Big data - Architecture and Processing Technologies
Understand big‑data architecture patterns, core processing frameworks like MapReduce and Spark, and tensor‑based analytic techniques.
Summary
Read Summary
Flashcards
Save Flashcards
Quiz
Take Quiz
Quick Practice
What shift in focus characterizes the move to data lakes?
1 of 9
Summary
Architecture and Technologies for Big Data
Introduction to Big Data Architecture
Big data systems are fundamentally different from traditional data processing because they must handle unprecedented volumes of information across distributed networks. Rather than storing all data in a single centralized database, modern big data architectures spread computation and storage across many machines. This approach enables dramatically faster processing speeds and more flexible data management, though it introduces significant complexity in coordinating work across these distributed systems.
The image below illustrates how these distributed systems work together:
Distributed Parallel Processing Architectures
The core principle of big data architecture is parallelization: breaking large computational problems into smaller pieces that can be solved simultaneously on different machines. When you have 1000 servers working in parallel rather than one machine working alone, you can process vastly larger datasets in reasonable time frames.
The Shift from Centralized Control to Data Lakes
Traditionally, organizations used data warehouses with strict centralized control: data had to be cleaned, validated, and formatted before entering the warehouse. This approach was rigid and slow.

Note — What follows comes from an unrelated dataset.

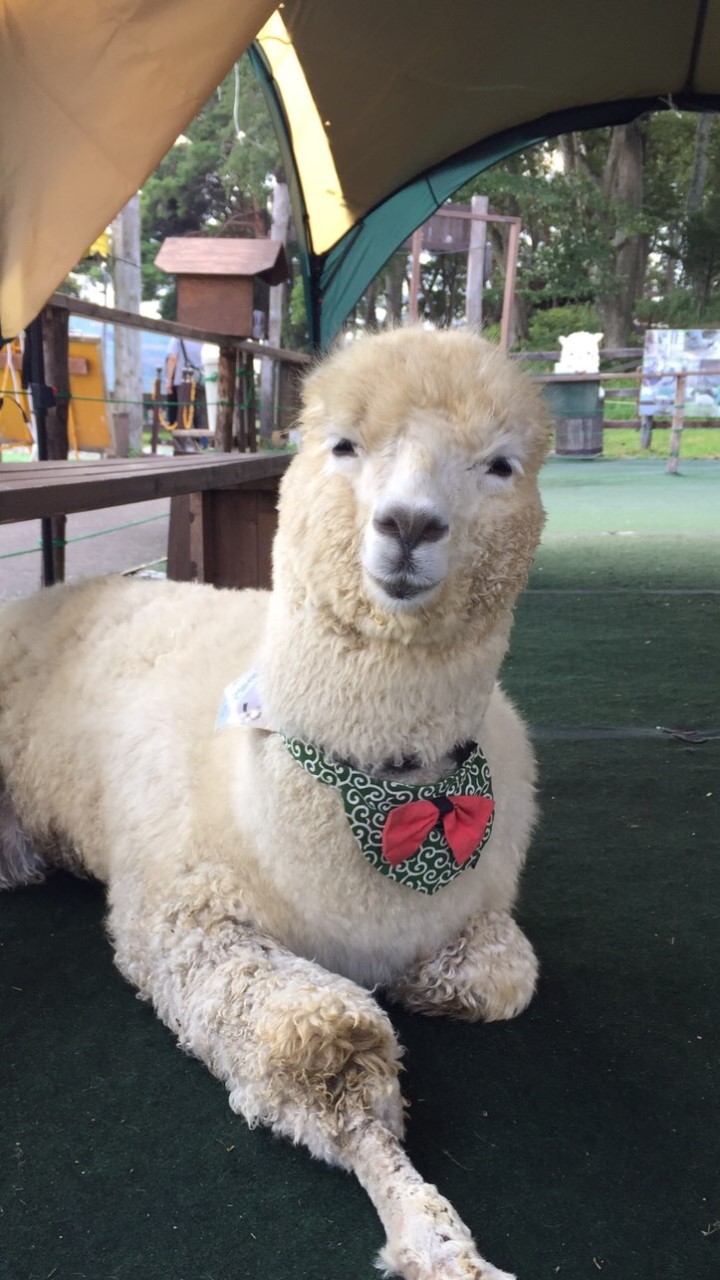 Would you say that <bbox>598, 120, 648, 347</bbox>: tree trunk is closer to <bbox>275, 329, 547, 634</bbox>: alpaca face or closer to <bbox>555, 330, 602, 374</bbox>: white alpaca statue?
<bbox>555, 330, 602, 374</bbox>: white alpaca statue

Data lakes invert this model. Instead of controlling data before storage, data lakes store raw, heterogeneous data from many sources, then segregate and analyze it on-demand. This enables rapid experimentation—analysts can quickly pull subsets of data for testing without waiting for centralized approval. The trade-off is that data lakes require more sophistication during the analysis phase, since the data hasn't been pre-cleaned.
MapReduce: The Foundational Processing Framework
MapReduce is the dominant algorithm for distributed data processing. It works in exactly two phases:
The Map Phase: The input data is split across many parallel nodes. Each node independently applies a function to its portion of the data, producing intermediate key-value pairs. For example, if you're counting word frequencies in documents, the map phase might be: "Node 1 processes documents A-C and counts words, Node 2 processes documents D-F and counts words, etc."

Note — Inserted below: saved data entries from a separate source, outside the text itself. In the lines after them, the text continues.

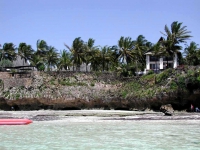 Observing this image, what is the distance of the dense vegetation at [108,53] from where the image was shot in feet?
177

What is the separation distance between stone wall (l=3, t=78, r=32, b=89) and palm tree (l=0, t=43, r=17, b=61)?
2127 cm

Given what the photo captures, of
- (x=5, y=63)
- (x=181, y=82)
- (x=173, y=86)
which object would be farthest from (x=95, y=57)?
(x=181, y=82)

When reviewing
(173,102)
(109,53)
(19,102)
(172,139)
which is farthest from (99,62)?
(172,139)

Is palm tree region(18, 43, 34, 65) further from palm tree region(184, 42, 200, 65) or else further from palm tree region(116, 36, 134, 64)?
palm tree region(184, 42, 200, 65)

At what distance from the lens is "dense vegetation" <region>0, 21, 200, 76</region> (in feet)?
177

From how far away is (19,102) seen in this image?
47719mm

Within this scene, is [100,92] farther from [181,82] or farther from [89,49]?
[89,49]

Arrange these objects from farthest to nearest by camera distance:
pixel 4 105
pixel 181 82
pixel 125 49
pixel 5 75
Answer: pixel 125 49
pixel 5 75
pixel 4 105
pixel 181 82

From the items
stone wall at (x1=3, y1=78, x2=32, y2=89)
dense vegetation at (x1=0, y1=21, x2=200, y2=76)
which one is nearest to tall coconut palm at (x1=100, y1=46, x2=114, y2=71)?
dense vegetation at (x1=0, y1=21, x2=200, y2=76)

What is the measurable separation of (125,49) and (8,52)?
27.0 m

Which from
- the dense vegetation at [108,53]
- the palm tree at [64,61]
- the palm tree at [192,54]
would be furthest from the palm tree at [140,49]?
the palm tree at [64,61]

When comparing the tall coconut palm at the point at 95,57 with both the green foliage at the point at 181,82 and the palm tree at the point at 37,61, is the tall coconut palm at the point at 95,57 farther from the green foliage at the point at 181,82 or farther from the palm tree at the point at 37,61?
the green foliage at the point at 181,82

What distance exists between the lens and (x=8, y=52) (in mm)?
69125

The Reduce Phase: All intermediate results with the same key are collected together and combined by a reducer function. In the word frequency example, all occurrences of "the" from different nodes would be summed together, all occurrences of "and" would be summed together, and so on.

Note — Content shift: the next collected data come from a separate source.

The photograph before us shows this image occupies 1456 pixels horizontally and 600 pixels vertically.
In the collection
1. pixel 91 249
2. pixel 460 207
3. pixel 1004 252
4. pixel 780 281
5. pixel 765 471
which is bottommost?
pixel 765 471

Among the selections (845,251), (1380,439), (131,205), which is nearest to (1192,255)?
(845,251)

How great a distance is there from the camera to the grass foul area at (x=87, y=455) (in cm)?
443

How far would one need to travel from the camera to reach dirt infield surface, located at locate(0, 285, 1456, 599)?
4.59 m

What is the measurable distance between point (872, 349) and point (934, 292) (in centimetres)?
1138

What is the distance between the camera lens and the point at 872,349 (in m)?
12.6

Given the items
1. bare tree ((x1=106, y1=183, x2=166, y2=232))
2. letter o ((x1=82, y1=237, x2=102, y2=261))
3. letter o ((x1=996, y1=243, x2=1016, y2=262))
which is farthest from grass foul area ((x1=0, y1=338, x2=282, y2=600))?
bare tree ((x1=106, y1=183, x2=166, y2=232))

The elegance of MapReduce is its fault tolerance. If one node fails during processing, you only need to recompute that node's map phase—the overall job continues. This is crucial when running computations across hundreds or thousands of commodity hardware machines, where failures are inevitable.
Hadoop: The Open-Source MapReduce Implementation
Hadoop is the open-source framework that implements the MapReduce paradigm. It's not a different algorithm—it's a practical system that lets you run MapReduce jobs on clusters of inexpensive machines. Hadoop became transformative because it democratized distributed data processing; organizations no longer needed specialized expensive hardware.
Hadoop remains important for understanding big data systems, though it's being supplemented by more modern frameworks.
Apache Spark: Beyond Simple Map-Reduce
While MapReduce is powerful, it has limitations. Every map phase reads from disk, and every reduce phase writes results back to disk. For jobs requiring multiple sequential operations (which is common in data analysis), this creates bottlenecks.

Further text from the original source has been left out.